The first constructor parameter is a callable object, the output sink. The output sink gets repeatedly invoked from decode() with the contents of the MIME entity's header and/or body, in the original or mapped character set (rfc2045::mime_decoder), or as Unicode characters (rfc2045::mime_unicode_decoder). decode's template parameter must match rfc2045::entity::line_iter template's parameter that was used to create the MIME entity object.

Note

rfc2045::mime_decoder and rfc2045::mime_unicode_decoder are actually templates. Their template parameters are deduced from their constructors' parameters.

The following class members are available to be set prior to calling decode():

decode_header (default: true)

Whether the MIME entity's headers should be decoded.

decode_body (default: true)

Whether the MIME entity's body should be decoded.

decode_subentities (default: true)

Whether to decode, recursively, the MIME entity's subentities.

add_eol (default: false)

Whether to include an extra newline after decoding each MIME entity.

header_name_lc (default: true)

Whether to convert the name of each decoded header to lowercase.

header_name_suppress (default: false)

Whether to include only the contents of each header, to not include the header's name (possibly converted to lowercase) and the colon that separates the header's name from its contents.

headerfilter (default: [](std::string_view, std::string_view){ return true; })

This is a callable object that's called before extracting each header. Return true includes it in the decoded content given to the output sink. Together with header_name_suppress this provides for targeted means to extract the decoded contents of specific headers, only.

headerdone (default: [](std::string_view) {})

This is called after extracting each header

Rewriting MIME messages

After parsing an rfc2045::entity, it can be rewritten in order to convert 8-bit-encoded data to 7-bit encoding, or to convert 7-bit encoded data to full 8-bit data, if possible.

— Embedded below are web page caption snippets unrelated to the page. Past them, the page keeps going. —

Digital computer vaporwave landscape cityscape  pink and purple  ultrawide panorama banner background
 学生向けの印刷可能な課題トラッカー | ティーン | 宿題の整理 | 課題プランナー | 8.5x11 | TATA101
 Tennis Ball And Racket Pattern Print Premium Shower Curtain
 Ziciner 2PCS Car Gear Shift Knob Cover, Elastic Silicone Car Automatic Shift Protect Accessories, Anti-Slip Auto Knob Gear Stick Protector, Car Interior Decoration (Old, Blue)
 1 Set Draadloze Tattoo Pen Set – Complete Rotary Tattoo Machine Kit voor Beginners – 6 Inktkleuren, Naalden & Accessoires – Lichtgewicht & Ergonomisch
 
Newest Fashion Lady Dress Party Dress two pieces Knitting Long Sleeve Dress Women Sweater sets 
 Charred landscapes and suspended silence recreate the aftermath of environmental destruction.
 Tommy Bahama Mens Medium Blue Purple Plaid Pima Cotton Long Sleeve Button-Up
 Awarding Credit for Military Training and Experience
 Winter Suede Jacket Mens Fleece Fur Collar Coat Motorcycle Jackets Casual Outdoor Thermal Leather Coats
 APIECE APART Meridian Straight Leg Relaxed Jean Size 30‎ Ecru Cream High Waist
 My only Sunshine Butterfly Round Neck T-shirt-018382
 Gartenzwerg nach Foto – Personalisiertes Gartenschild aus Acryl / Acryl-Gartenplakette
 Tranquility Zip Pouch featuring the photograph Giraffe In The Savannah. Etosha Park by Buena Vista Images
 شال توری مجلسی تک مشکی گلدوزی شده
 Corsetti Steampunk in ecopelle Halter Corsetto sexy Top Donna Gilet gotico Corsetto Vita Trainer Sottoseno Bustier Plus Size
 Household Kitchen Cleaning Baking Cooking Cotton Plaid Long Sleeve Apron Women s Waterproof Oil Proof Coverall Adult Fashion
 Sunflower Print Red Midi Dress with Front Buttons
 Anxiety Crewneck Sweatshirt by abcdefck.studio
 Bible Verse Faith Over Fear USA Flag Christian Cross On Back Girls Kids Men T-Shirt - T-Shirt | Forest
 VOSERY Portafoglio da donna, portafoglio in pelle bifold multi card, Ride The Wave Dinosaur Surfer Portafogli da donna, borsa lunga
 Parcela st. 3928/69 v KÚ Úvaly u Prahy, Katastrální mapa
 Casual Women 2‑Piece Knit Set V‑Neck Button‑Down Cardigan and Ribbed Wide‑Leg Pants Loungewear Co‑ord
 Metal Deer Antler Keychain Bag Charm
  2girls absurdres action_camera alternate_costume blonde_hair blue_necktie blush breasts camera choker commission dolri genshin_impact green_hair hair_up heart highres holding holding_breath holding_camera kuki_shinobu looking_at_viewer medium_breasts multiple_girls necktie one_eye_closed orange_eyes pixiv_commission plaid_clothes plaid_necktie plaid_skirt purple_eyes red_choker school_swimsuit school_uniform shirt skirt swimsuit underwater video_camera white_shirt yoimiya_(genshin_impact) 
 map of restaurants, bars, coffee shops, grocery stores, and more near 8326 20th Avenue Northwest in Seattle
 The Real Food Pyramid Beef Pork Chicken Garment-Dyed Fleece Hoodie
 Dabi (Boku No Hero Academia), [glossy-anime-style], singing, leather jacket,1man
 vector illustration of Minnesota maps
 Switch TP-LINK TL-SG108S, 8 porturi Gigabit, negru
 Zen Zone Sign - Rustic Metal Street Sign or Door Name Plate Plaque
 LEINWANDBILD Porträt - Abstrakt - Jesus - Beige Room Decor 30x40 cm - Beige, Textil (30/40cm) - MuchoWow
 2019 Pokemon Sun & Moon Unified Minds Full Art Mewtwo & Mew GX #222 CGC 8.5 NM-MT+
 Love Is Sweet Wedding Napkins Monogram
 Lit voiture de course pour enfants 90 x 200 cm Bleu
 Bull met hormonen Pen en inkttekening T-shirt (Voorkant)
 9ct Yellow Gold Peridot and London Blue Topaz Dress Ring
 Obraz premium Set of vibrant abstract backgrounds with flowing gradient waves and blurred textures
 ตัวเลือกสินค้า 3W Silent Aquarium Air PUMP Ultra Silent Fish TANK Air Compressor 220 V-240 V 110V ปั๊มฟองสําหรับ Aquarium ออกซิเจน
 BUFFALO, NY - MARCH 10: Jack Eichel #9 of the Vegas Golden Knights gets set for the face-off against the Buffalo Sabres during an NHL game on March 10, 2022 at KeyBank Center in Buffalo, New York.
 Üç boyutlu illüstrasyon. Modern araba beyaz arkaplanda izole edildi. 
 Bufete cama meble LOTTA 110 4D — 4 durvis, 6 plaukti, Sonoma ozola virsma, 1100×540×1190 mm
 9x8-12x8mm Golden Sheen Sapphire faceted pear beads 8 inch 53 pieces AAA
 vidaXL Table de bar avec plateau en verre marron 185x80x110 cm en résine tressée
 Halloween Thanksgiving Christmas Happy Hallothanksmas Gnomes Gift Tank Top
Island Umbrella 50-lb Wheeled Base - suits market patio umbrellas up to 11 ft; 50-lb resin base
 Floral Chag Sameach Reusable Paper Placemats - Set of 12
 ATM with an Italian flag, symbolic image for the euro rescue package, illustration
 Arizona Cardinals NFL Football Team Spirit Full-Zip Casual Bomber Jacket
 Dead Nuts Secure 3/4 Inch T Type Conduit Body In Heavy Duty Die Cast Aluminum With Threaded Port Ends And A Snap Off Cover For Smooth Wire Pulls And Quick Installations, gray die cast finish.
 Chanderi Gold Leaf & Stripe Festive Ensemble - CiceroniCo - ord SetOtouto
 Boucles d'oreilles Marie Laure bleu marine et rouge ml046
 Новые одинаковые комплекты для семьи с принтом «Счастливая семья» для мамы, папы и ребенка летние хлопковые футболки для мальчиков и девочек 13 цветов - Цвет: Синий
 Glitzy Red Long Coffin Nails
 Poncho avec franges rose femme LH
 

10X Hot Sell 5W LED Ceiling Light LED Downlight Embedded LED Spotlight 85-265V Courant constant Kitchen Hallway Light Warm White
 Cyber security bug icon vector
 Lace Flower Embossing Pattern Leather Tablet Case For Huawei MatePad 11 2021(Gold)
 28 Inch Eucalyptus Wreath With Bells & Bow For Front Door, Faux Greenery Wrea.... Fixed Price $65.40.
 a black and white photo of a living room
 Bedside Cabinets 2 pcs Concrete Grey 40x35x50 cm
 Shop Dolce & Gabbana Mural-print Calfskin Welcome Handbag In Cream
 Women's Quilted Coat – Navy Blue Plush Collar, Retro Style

if (entity.autoconvert_check(rfc2045::convert::standardize))
{
    rfc2045::entity::autoconvert_meta metadata;

    metadata.appid="courier";

    rfc2045::entity::line_iter<false>::autoconvert(
       entity,
       []
       (const char *ptr, size_t l)
       {
          // ...
       },
       input_streambuf,
       metadata);
}

autoconvert_check returns true if the MIME entity must be rewritten in order to comply with the requested format. A false return indicates that the MIME entity already complies. The subsequent call to autoconvert() effects the rewrite (its template parameter must match the one that was used to parse the original MIME entity). autoconvert()'s parameters are: the MIME entity to rewrite, a callable object that gets repeatedly invoked with the contents of the rewritten MIME entity, and a std::streambuf-like object that corresponds to the current, parsed, MIME entity.

autoconvert() can only be called after a prior autoconvert_check(), that defines autoconvert()'s marching orders:

rfc2045::convert::standardize

Do not change the content encoding of the MIME object, only add default values for any missing Content-Type and Content-Transfer-Encoding headers.

rfc2045::convert::sevenbit

Reencode 8bit with quoted-printable. Also replace any 7bit content with excessively long lines.

rfc2045::convert::8bit

Replace quoted-printable with 8bit unless doing so will produce excessively long lines.

rfc2045::convert::8bit_always

Always replace quoted-printable with 8bit evenf if doing so will produce excessively long lines.